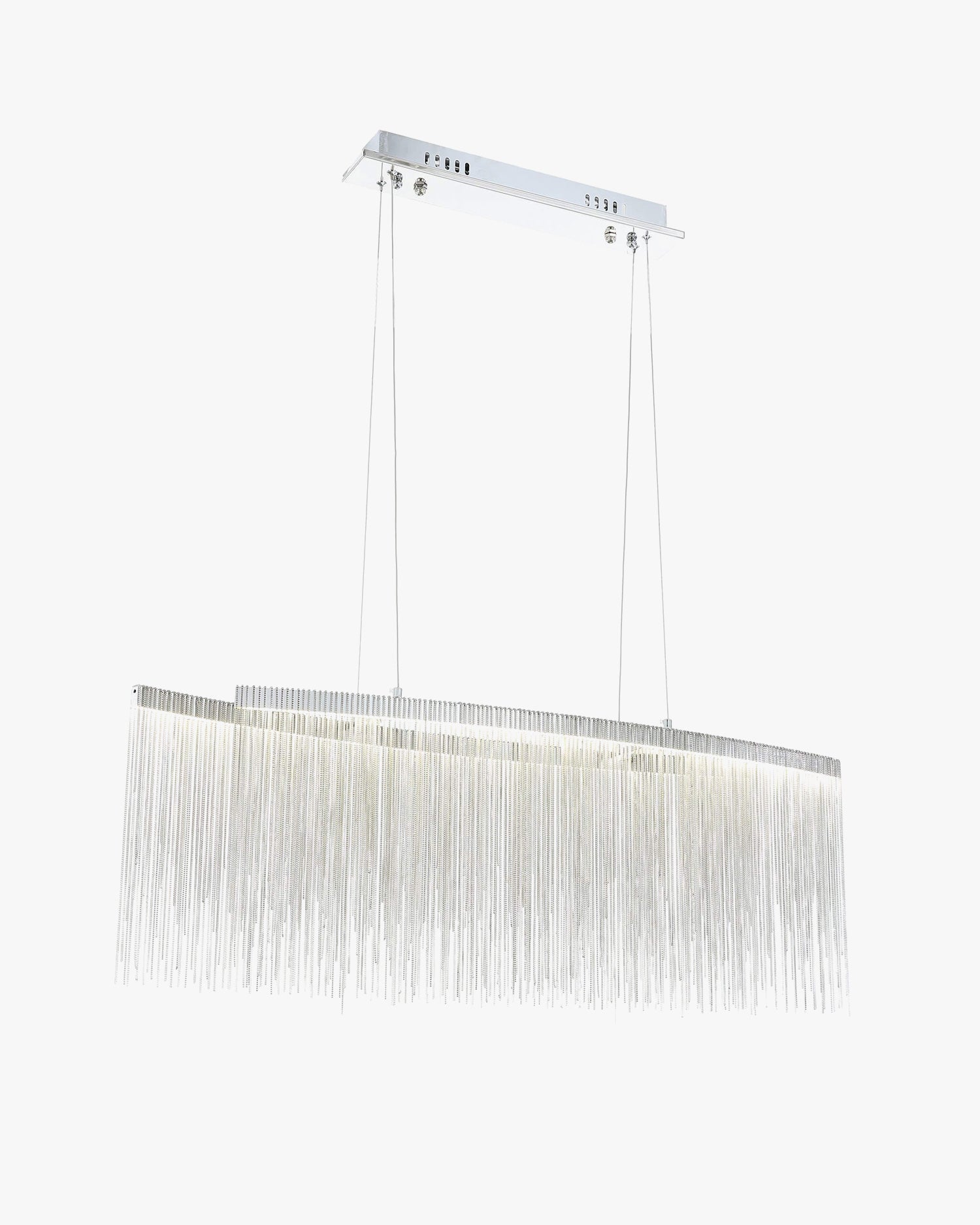 WOMO Lustre Linéaire Macramé Doré/Argent-WM2062b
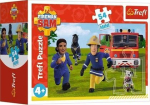 Pusle Trefl Fireman Sam On Standby 19761, 13 cm x 20 cm, 54 tk, mitmev&auml;rviline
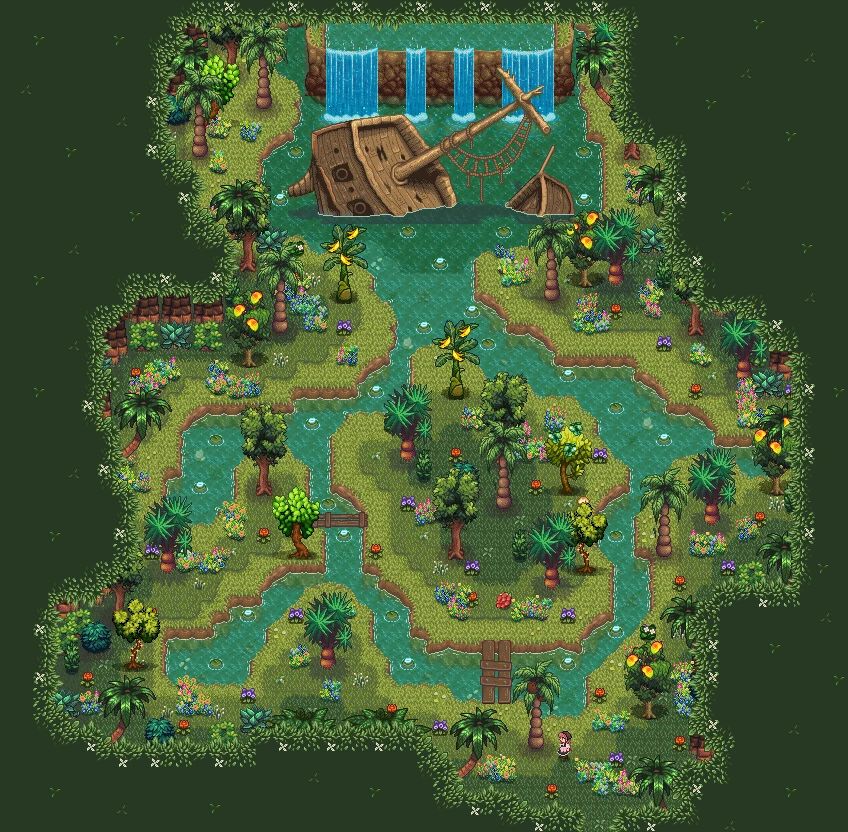 Forager's Nooks and Crannies - New Maps for Stardew Valley mod for Stardew Valley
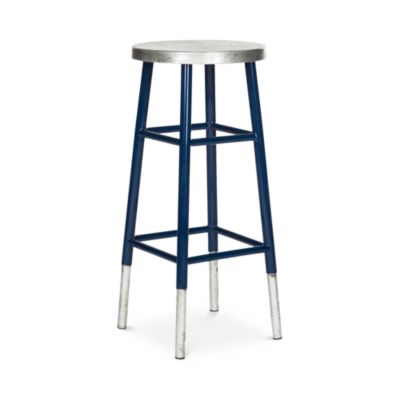 Kenzie 30&amp;quot; Silver Dipped Barstool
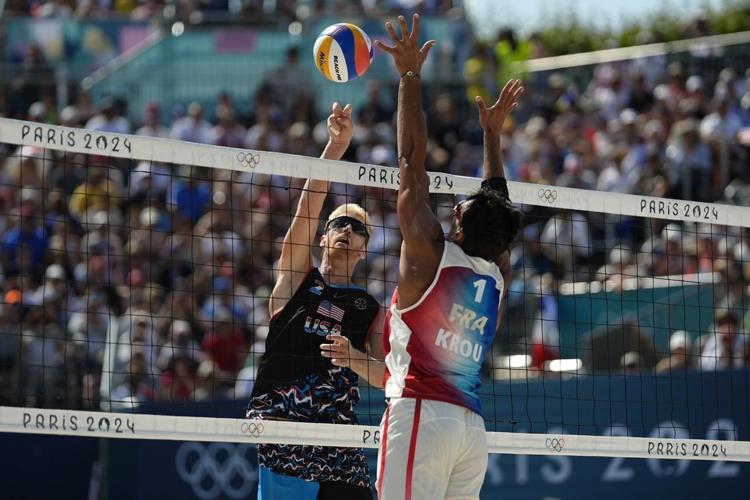 ExNBA player Chase Budinger wins 2024 Olympic beach volleyball debut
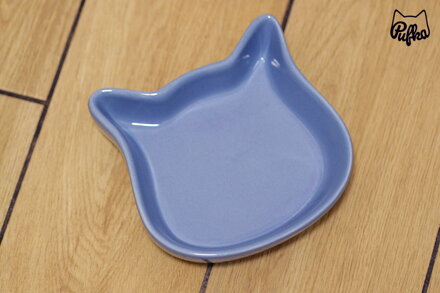 Nízka keramická miska v tvare mačacej hlavy modrá 0,25 l/12 cm, Trixie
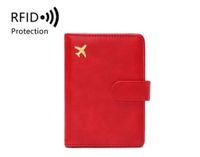 Unisex Solid Color Pu Leather Magnetic Buckle Card Holders sku image 4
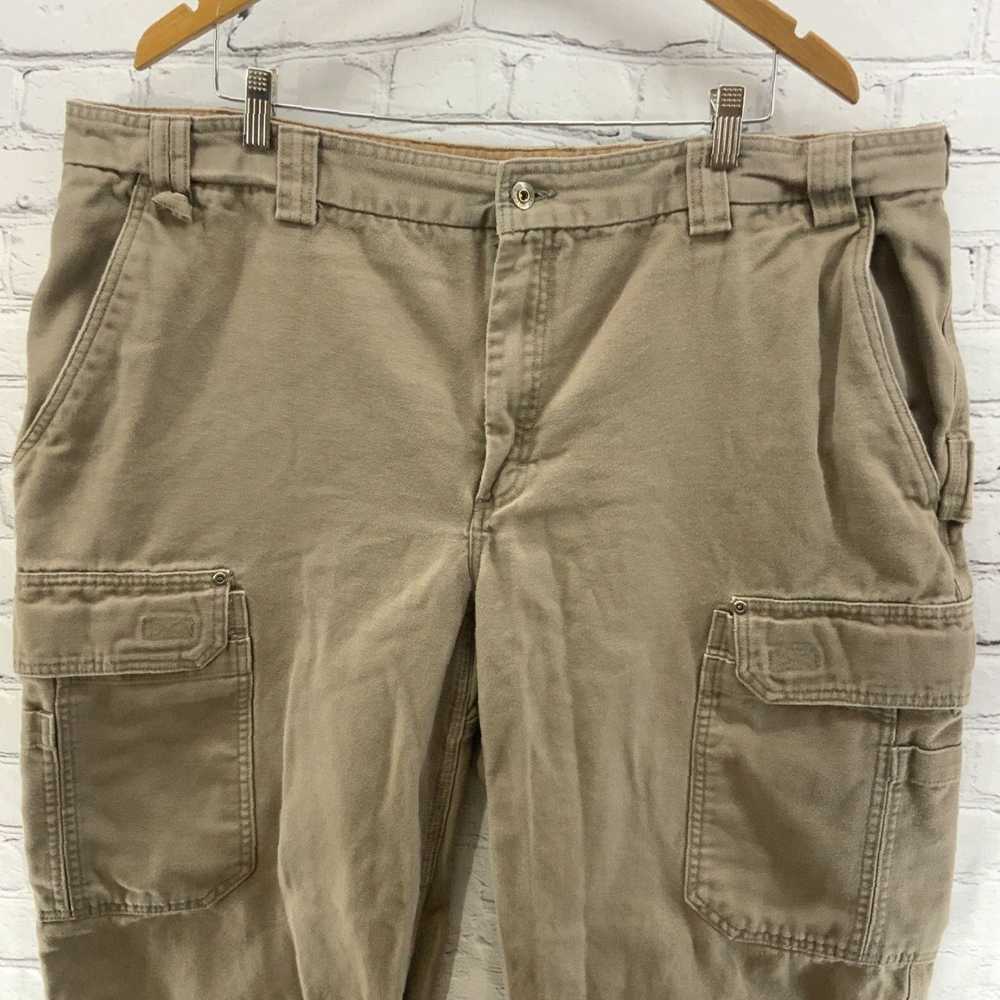 Duluth Trading Company Mens Canvas Brown Cargo Pa… - image 2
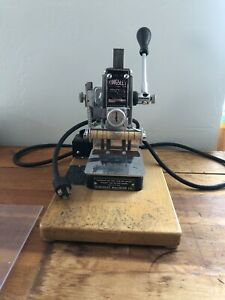 Kingsley Hot Foil Stamping Machine with Foil and Box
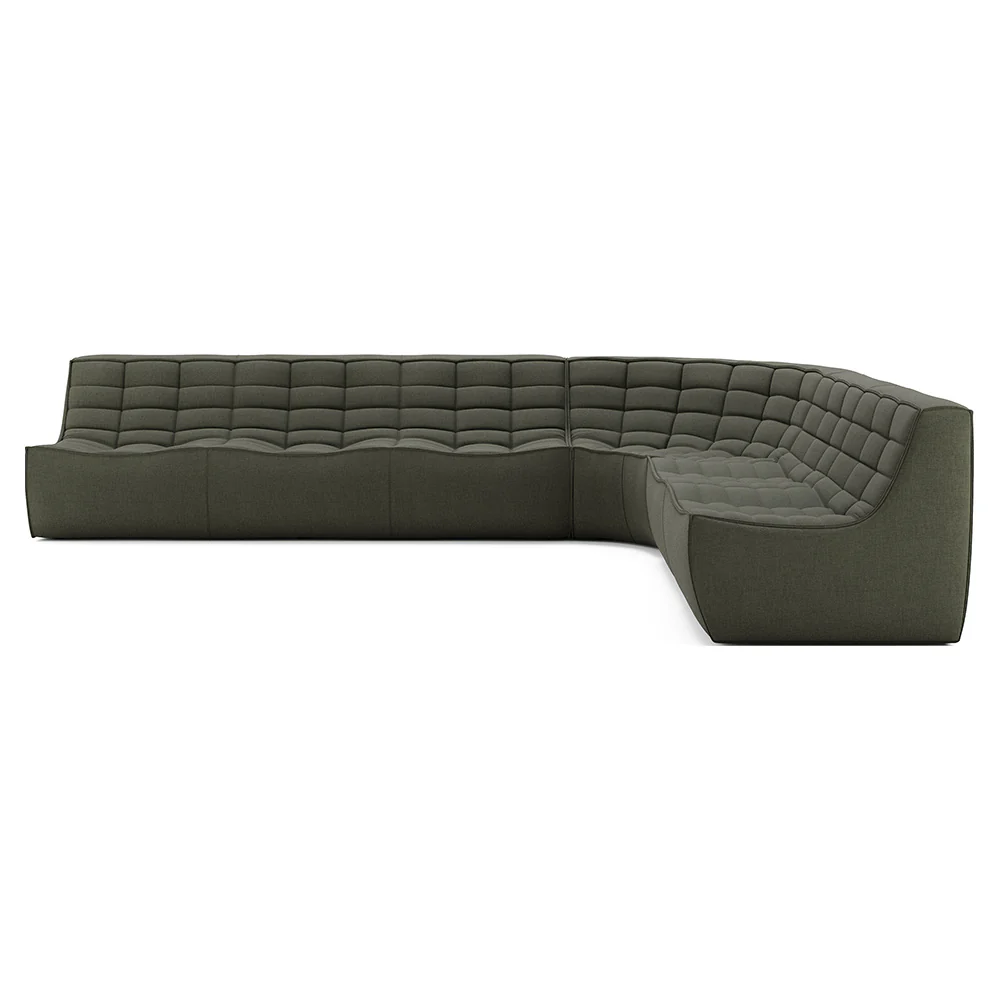 N701 Modular Sofa Set No 7 - Moss - Image 2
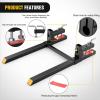 Nilight 3 Point 2″ Trailer Hitch Receiver for Category 1 Tractor Heavy Duty Quick Hitch Drawbar Adapter 3000LBS Capacity Compatible with Kubota BX John Deere Kioti Yanmar NorTrac Mahindra Ford Cat(43″ Pallet Forks w/ Stabiliser Bar)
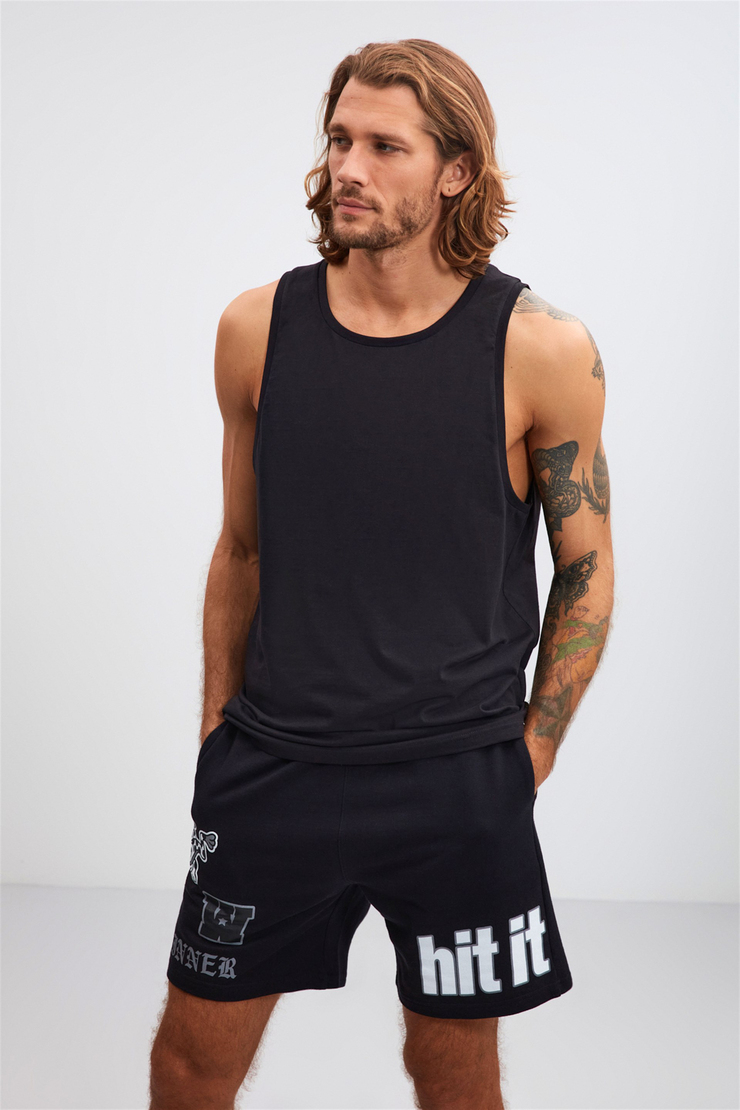 PRESCOTT Örme Relaxed 990  Şort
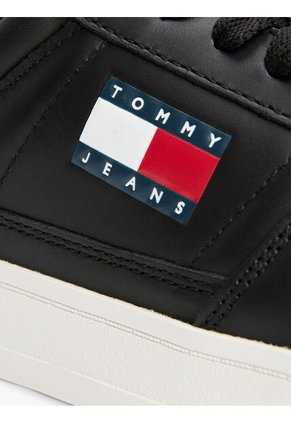 Tenis Negro The Greenwich Essential De Cuero Tommy Hilfiger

Task goal. Could you set down word for word each line from the one holding "ExNBA player Chase" through the end of the material above, without any pictures?

Answer to the problem.
 ExNBA player Chase Budinger wins 2024 Olympic beach volleyball debut
 Nízka keramická miska v tvare mačacej hlavy modrá 0,25 l/12 cm, Trixie
 Unisex Solid Color Pu Leather Magnetic Buckle Card Holders sku image 4
 Duluth Trading Company Mens Canvas Brown Cargo Pa… - image 2
 Kingsley Hot Foil Stamping Machine with Foil and Box
 N701 Modular Sofa Set No 7 - Moss - Image 2
 Nilight 3 Point 2″ Trailer Hitch Receiver for Category 1 Tractor Heavy Duty Quick Hitch Drawbar Adapter 3000LBS Capacity Compatible with Kubota BX John Deere Kioti Yanmar NorTrac Mahindra Ford Cat(43″ Pallet Forks w/ Stabiliser Bar)
 PRESCOTT Örme Relaxed 990  Şort
 Tenis Negro The Greenwich Essential De Cuero Tommy Hilfiger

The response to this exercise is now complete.